5) I did hear Sam Maloof speak at his lecture to a packed room, and he was also one of the judges, so that was cool. I got to shake his hand once. I wanted to talk with him and take a photo with him, but my nerves overcame me when I finally got the chance to do all of that. I was just too overwhelmed by his presence. He was treated like a "movie star" at the show by everyone, which has to be the highest honor any woodworker could attain. I don't think he was treated as well as a "Nascar Driver" though, so there is still some room to improve. Afterall, there were not any scantily clad young ladies following him around, just his new wife, and her friend.

6) The Maloof-Inspired walnut rocking chair I built gathered a lot of attention and praise, as people continually asked if they could sit in it. One lady was test driving it for awhile and said, "I already tried the other chairs at the show, and I like this one the best, is it for sale?" I told her, " no."

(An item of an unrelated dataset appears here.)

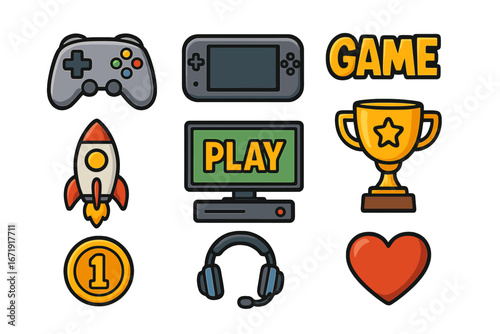 Video game icon set. Cartoon gaming elements with gamepad, console, trophy, rocket, coin, headset, heart. Vector illustration for gamer culture, esports, streaming, sticker.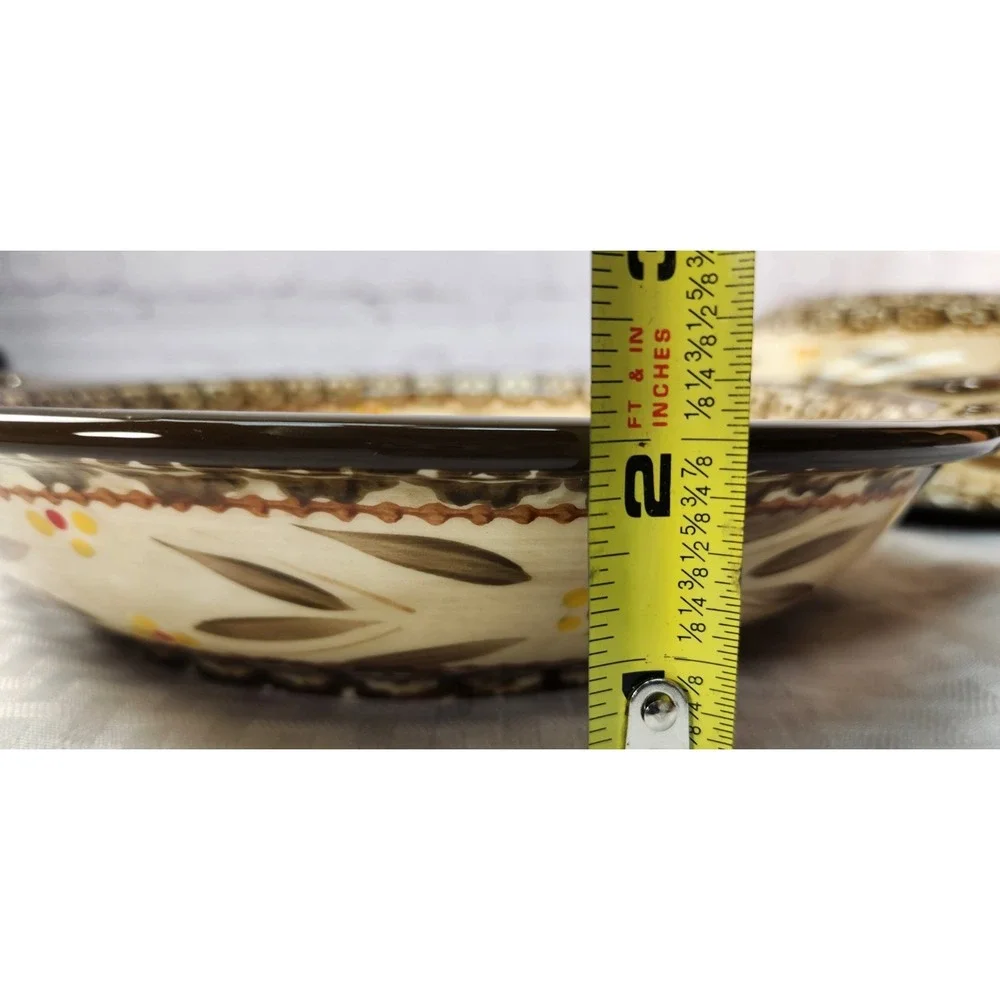 Set‎ 2 Temptations By TARA Old World Brown Yellow Pie Dish & Lid / Serving Bowl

Here is a link to my Rocker posting:



7) One thing I was unprepared for were the large number of hobby and professional woodworkers that went to the show just to check it out and see if they could show their work at that level sometime. I enjoyed encouraging them. Many of them pulled out snapshots of their work, and told me how they were building "this," or "that," which I enjoyed. My advice to them, or anyone, is not to try and copy other styles, but dream up something the world has never seen, and then you will have something special. I haven't been able to do that myself yet, but I am working toward that goal.

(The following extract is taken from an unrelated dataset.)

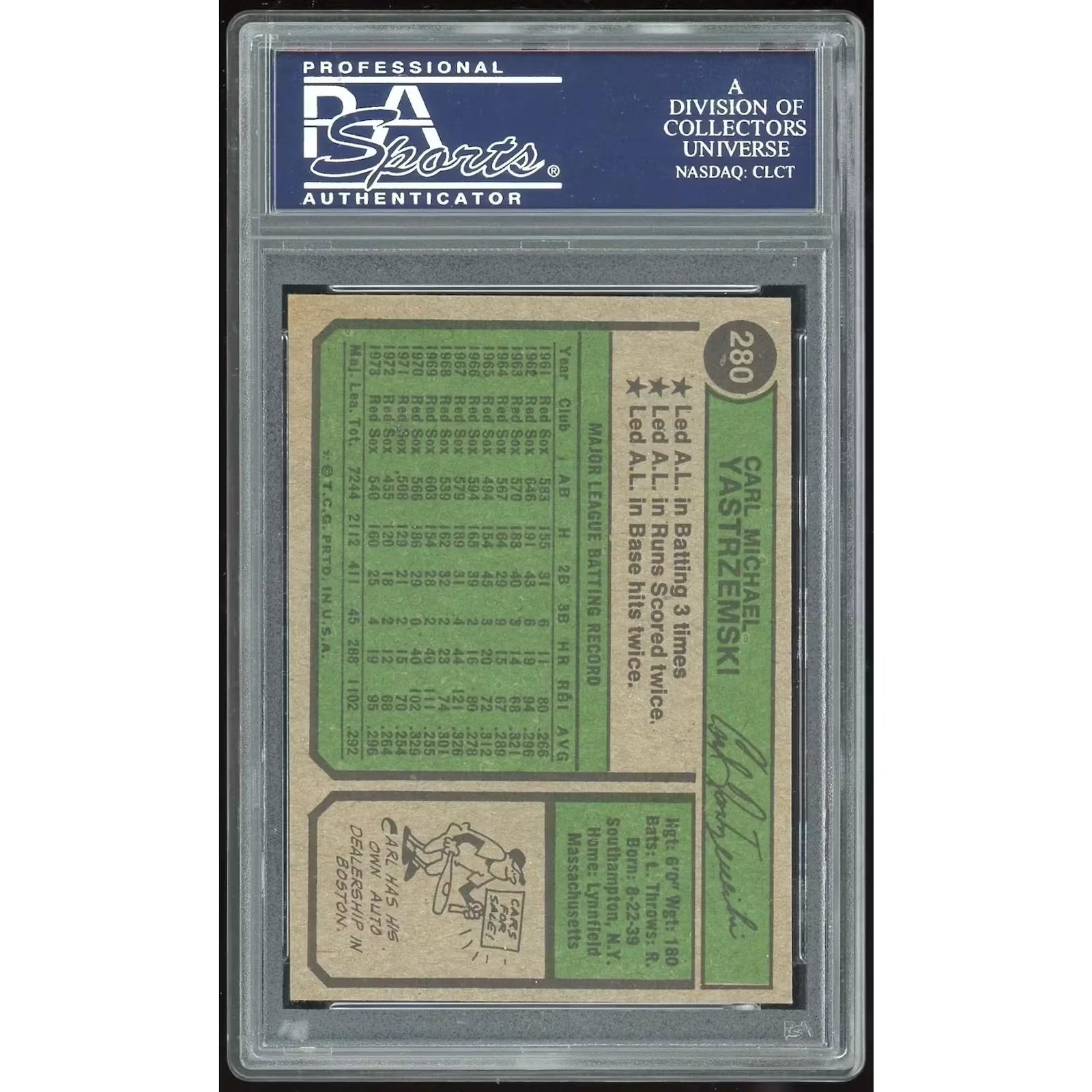 Carl Yastrzemski 1974 Topps #280 Baseball Card | PSA 9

8) I sold items to people from Arizona, Colorado, Pennsylvania, Nevada, and Wyoming. I was surprised at how many people were there from other states, taking vacation to attend the show.

9) I did find that my pricing was low compared to the others, so that was good to some extent. The distance from my shop in Kansas to the mountain region didn't seem to bother anyone. Every time I asked about the "distance factor," it didn't seem to bother them.

10) I learned that I need to find a way to accept a credit card during a show like this. I lost at least one order for sure, because the person went on vacation with only a credit card. Another customer said they would send me a check when they got home, and I could then ship their item to them. So, taking the credit card at the show would have been helpful. One other artist told me to take credit cards at the show, as people tend to change their minds when they get home, and may not actually send the check that they promised. After thinking about this and talking it over with my wife, I would prefer to have customers that make a serious decision, not an impulse buy, and if they think later that they would rather not buy the work, then I think long-term, that is best for both of us. I'm in this for the long-haul, not the quick buck.

11) The most encouraging thing I learned is not to be afraid of showing my work in such a venue again.

12) I think one the most refreshing aspects of the show was that people didn't ask the "price" of my work in their first question. They would ask about who I was, what wood my pieces were made from, where did I find the wood, who did the carving, what type of finish it had, how I did the joinery, did I work alone, what type of joint "this" or "that" was, where I received my training, where I got the inspiration, how big of a shop I have, etc., and then at the end of about a 10-20 minute discussion, they would ask "what is a budget cost on something like this?" The price was always the last question.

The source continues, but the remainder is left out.